Showing posts with label Violet (1939). Show all posts
Showing posts with label Violet (1939). Show all posts

Monday, June 24, 2013

Violet (1939)

Violet by Tuvaché, launched in 1939, is a captivating floral oriental (floriental) fragrance for women, a testament to Bernadine de Tuvaché’s ability to capture the delicate charm of nature in scent. The name “Violet” comes from the Latin viola, referring to the tiny, heart-shaped flowers that have long symbolized modesty, devotion, and grace. In perfumery, violet is highly prized for its soft, powdery, green-floral aroma, evoking a walk through a dewy woodland carpeted with blossoms. While natural violet leaf and flower absolutes were historically used, by the late 1930s much of violet essence in perfumery relied on synthetic aromachemicals—such as ionones and methyl ionone—because true violet flower extraction is extremely labor-intensive and yields very little absolute. These synthetics not only mimic the velvety sweetness of the violet flower but also provide stability and consistency in composition.

The fragrance opens as a true woodland violet soliflore, immediately presenting a bouquet of violets at the peak of their freshness. Imagine walking through a shaded forest glade in early spring, each violet petal exhaling its gentle, powdery perfume. The heart is soft, rounded, and subtly creamy, enhanced by oriental facets that lend a whisper of warmth and complexity, making the scent rich yet ethereal. Women of 1939, at the brink of the Second World War, would have experienced Violet as both comforting and luxurious—a delicate indulgence in an uncertain era. It spoke to elegance, femininity, and refinement, resonating with the fashions of the time, which favored soft, ladylike silhouettes, floral motifs, and understated sophistication.

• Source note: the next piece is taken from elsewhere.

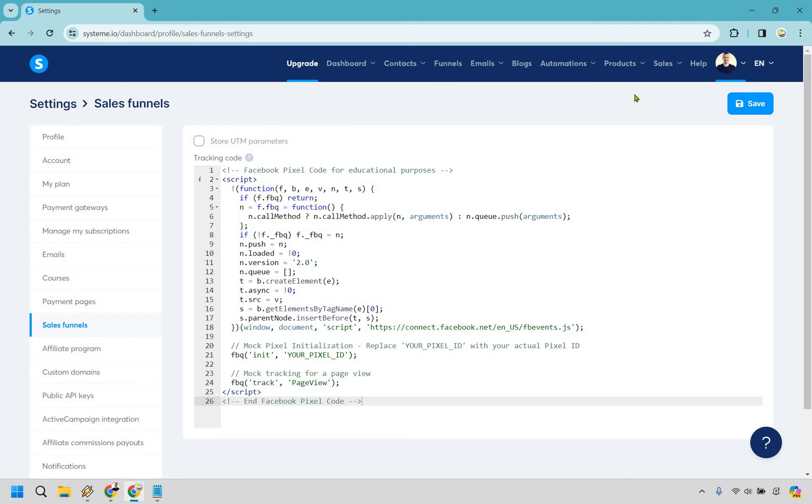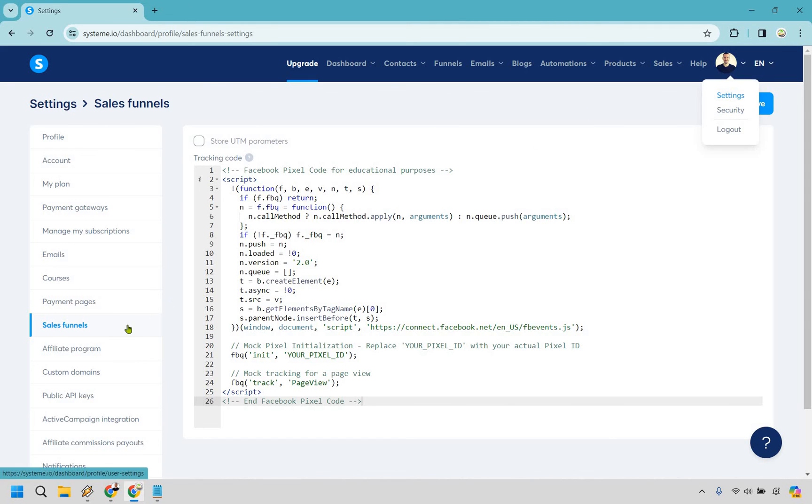That's the very quick tutorial when it comes to adding your Facebook pixel. It's very easy to do. It's more so about knowing where to find it and like I said you have under settings and then we're going to be under sales funnel and this is where it goes.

Despite wartime limitations, Tuvaché was able to procure essential oils, absolutes, and synthetic molecules sufficient to craft this fragrance, though some natural ingredients would have been scarce. Violet had been a perennial favorite since the 19th century, with nearly every perfumery offering its own version. What set Tuvaché’s Violet apart was its faithful woodland soliflore quality, a precise evocation of freshly gathered violets rather than a generalized floral blend. The fragrance embodies sweetness tempered by subtle green and powdery undertones, balanced with warm oriental base notes, making it at once classic and unique among contemporaneous perfumes. To the wearer, “Violet” would conjure images of quiet springtime gardens, shaded walks, and a refined, understated elegance that aligned perfectly with the aspirations of women of the late 1930s.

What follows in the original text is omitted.